Reformed education act targets student fees, loans, downloading

The House of Representatives proposed changes and additions to the Higher Education Act last Friday that will affect students in many areas, including illegal downloading, student fees, accreditation practices and student loans.

The Higher Education Act is due for renewal and any legislation enacted will determine higher education policy for the next five years. The bill was originally created in 1965 to strengthen educational resources available to colleges and universities and to provide financial assistance to students.

The Senate passed its version of the bill in July. The House proposed its initial version of the bill last week, which was marked up in the Education Committee on Wednesday.

A change that will directly impact students is the crackdown on illegal downloading within the proposed legislation. It requires institutions to educate their students on policies regarding copyright infringement on campus networks. It also requires that colleges eligible for federal financial aid under Title IV, a section of the Higher Education Act that defines all federal loans available to students, to develop a plan for offering alternatives to illegal downloading,

“About 44 percent of domestic piracy losses nationwide, over $500 million, are due to college students,” said Kori Bernard, a spokeswoman for the Motion Picture Association of America, which supports the legislation.

“We are requesting minimally invasive efforts to reduce piracy on college campuses,” Bernard added.

Educause, a nonprofit organization concerned with proper technology use in higher education, called the second portion of the legislation “unacceptable,” according to The Chronicle of Higher Education.
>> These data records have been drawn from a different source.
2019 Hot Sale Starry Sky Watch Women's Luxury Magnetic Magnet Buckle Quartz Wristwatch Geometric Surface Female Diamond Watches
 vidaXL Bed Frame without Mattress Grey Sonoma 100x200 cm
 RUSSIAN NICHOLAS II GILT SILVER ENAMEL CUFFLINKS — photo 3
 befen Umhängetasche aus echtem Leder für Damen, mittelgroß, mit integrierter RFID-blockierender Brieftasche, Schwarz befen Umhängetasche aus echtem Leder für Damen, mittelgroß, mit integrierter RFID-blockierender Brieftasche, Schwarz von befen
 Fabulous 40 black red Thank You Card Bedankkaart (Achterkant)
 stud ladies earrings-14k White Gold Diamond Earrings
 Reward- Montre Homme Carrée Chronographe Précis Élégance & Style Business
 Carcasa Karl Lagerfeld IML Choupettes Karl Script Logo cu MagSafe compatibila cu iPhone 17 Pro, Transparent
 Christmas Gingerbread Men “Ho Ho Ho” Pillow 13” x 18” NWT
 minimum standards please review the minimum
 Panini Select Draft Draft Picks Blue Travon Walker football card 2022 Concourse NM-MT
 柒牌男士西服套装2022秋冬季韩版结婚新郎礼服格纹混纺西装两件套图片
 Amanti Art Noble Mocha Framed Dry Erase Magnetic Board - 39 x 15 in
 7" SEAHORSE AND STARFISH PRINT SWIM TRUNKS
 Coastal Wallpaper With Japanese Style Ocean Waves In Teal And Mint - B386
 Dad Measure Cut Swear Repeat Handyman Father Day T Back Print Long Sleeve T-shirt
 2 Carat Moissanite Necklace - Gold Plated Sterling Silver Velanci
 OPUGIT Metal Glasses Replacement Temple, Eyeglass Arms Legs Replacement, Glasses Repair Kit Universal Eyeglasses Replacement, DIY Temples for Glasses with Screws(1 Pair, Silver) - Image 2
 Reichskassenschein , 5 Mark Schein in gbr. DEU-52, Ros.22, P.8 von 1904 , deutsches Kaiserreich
“These provisions of the bill are misdirected at higher education,” said Steven Worona, Educause director of policy and networking programs.

Most infringement by college students occurs on commercial networks that are not associated with their college. Less than 4 percent of infringers are using college campus networks and therefore account for no more than 9 percent of the losses. The statistic that attributes 44 percent of piracy to college campuses is both misleading and false, Worona said.

“Campuses are already attacking this problem as aggressively as possible. The source of the problem should be targeted and that’s not higher education,” Worona said.

In their separate proposals, both the Senate and the House agreed on modifications to the act, including allowing the Secretary of Education to establish a Higher Education Price Index in order to identify colleges whose tuition and fees are unusually high and place them on a watch list.

The House went beyond the Senate, mandating that colleges on the watch list submit a report explaining the reasons for their unusually high fees, and outlining steps that will be taken to prevent future increases in fees, according to The Chronicle of Higher Education.

To create further incentives to prevent fee increases, the House also proposed offering additional grant money to colleges that restrained their tuition growth, said Rachel Racusen, spokeswoman for Representative George Miller of California, who is chairman of the House Education and Labor committee. States would also be punished for cutting their higher education budgets.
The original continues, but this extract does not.